● **Aim of the exercise**
Give the listing again word for word, excluding the pictures it contains.

● **Data extract**

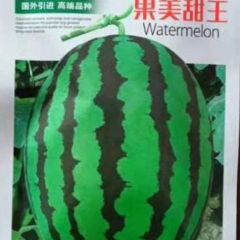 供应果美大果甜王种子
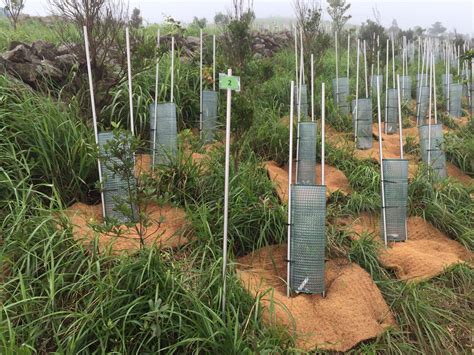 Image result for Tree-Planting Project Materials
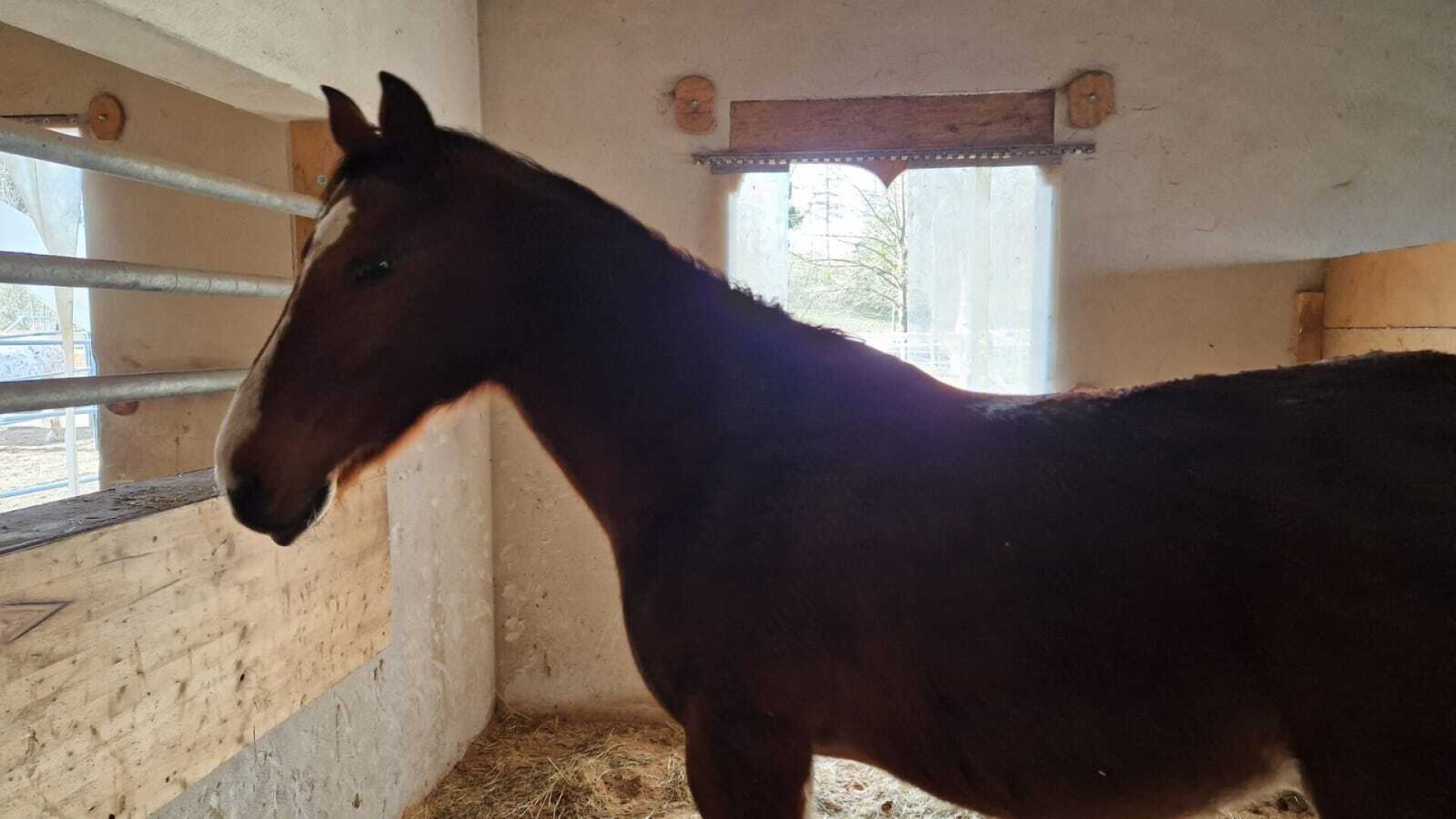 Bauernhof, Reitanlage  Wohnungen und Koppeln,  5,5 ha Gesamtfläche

● **Solution**
 供应果美大果甜王种子
 Image result for Tree-Planting Project Materials
 Bauernhof, Reitanlage  Wohnungen und Koppeln,  5,5 ha Gesamtfläche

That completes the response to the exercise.